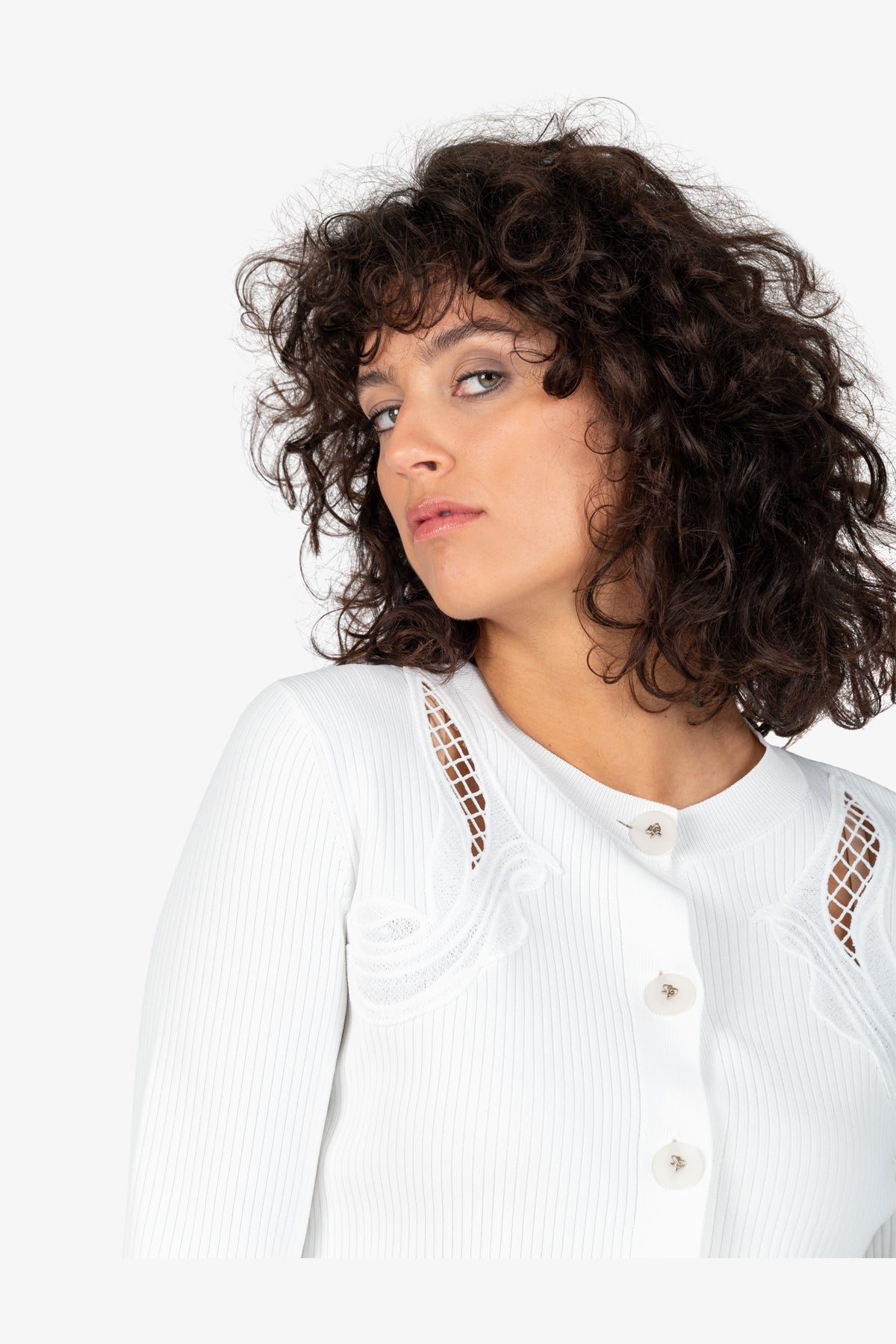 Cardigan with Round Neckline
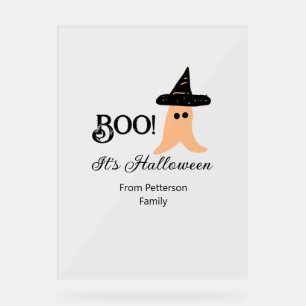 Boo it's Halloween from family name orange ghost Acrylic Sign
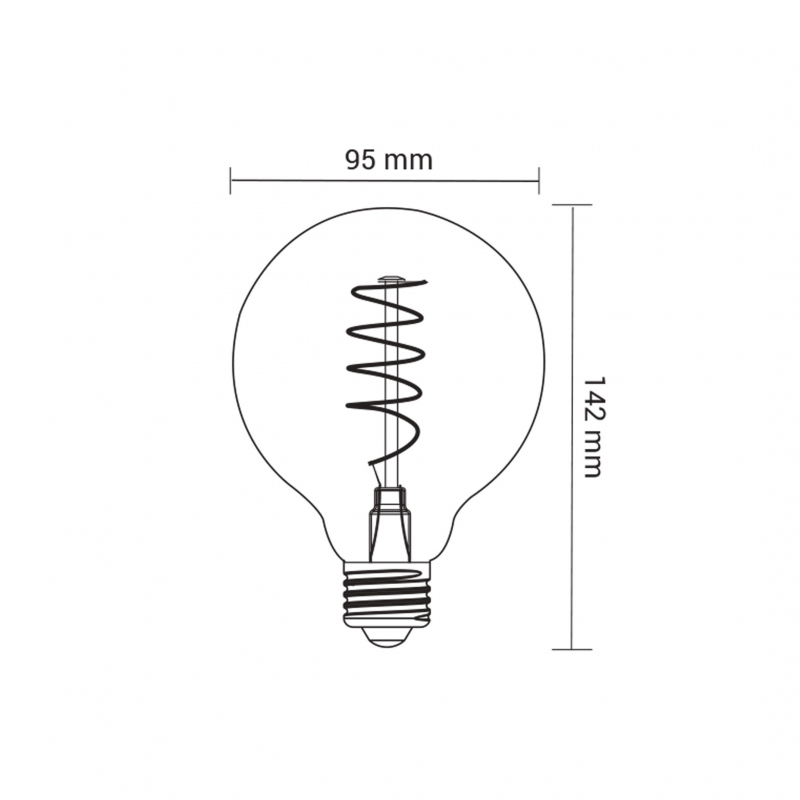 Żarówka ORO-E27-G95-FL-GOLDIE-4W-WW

WHAT TO WORK ON
Without including any picture, set down the listing above exactly as it appears.

SOLUTION FOR THIS PROBLEM
 Cardigan with Round Neckline
 Boo it's Halloween from family name orange ghost Acrylic Sign
 Żarówka ORO-E27-G95-FL-GOLDIE-4W-WW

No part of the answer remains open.